The other night, I had dinner with my buddy Chris Clarey (his columns in the International Herald-Tribune are must reading) at a fine Parisian restaurant, Le Flandrin, where I had a sautéed calamari appetizer and Risotto Aux Champignon, which I figured out was Champion’s Rice – ever notice how a few days in a country and you can actually start to figure out the language?
Anyway, they screwed it up – they bought me this stuff that was all sticky and it had little pieces of mushroom in it!
After that culinary adventure, my homing instincts became overpowering and a voice deep within me grew more and more insistent: Pizza, it called out, pizza, pizza. . .
So last night I ended up at the Pizza de Auteuil, where I had a nice salad and Neopolitan pizza with lots of anchovies (they're pretty good if you put enough salt on them. I was waiting for Chris and Matt and a few others. A French couple was seated next to me, and when the guy fired up a Marlboro Light I asked him to put it out. He took a swing at me and . . .
Just kidding.
We struck up a conversation. They were Frederic, a dealer in Art Deco objects, and media consultant Katherine, celebrating their one-month anniversary together. We got to talking and had a really pleasant time. They poured me a glass of their most excellent rosé (here’s a tip from International Bon Vivant Pete: Rosé, so frowned upon by arrivistes as a wine for the screw-top crowd, is a great fave of the cognoscenti).
I smoked one of Fred’s Marlboros and we finished things off with a few rounds of Grappa. They were a very sweet couple of abundant humor and wit. They’re regulars at the joint, and if I seem them again, I’m going to invite them to the farm, preferably during the Delaware County fair, so I can take them to their first demolition derby, or the barrel racing and team penning events.
This morning was nice and quiet; I strolled over to the site early, because a small group of us, including my long-time friend Alain Deflassieux of L’Equipe (that’s French for “Equipment” – see how easy it is?) Lisa Dillman of the LA Times and Doug Robson of USA Today (two of the best and most astute tennis writers around) were offered a sit-down with Nicole Vaidisova (I’ll post on her later).
The best time of day in a European city, I think, is early morning, when the shopkeepers are out sweeping the sidewalks, the small groceries are taking deliveries and stocking their displays for the day, and early risers are already sitting in cafes, drinking café au lait and reading papers, including L’Equipe (or, The Equipment.
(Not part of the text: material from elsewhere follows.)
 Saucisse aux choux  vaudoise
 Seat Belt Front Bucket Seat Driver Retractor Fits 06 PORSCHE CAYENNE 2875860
So I'm gettin adjusted and finding my Paris groove quite nicely, folks. Must be the showerhead!
P.S. to Ruth: Your kids are smart. Those nominally water saving devices in the showerhead are called “flow restrictors.” Taking them out is the first thing you need to do if you ever want to actually get wet when you shower.
P.S. to Lanterne Rouge and others who have asked: This transcript issue is really bizarre. Jamie Morrocco, our man at ASAP, says that the FFT forbids them posting or even archiving the transcripts. Also, the FFT doesn’t even archive the transcripts, which most of us in the press room were fairly stunned to learn. We’re going to try to remedy that situation, but I can’t imagine anything will change in the next few days. Oh, it also appears that the FFT posts transcripts in English at its discretion, so if you’re looking for a specific one, it may not even be posted. Another puzzling decision.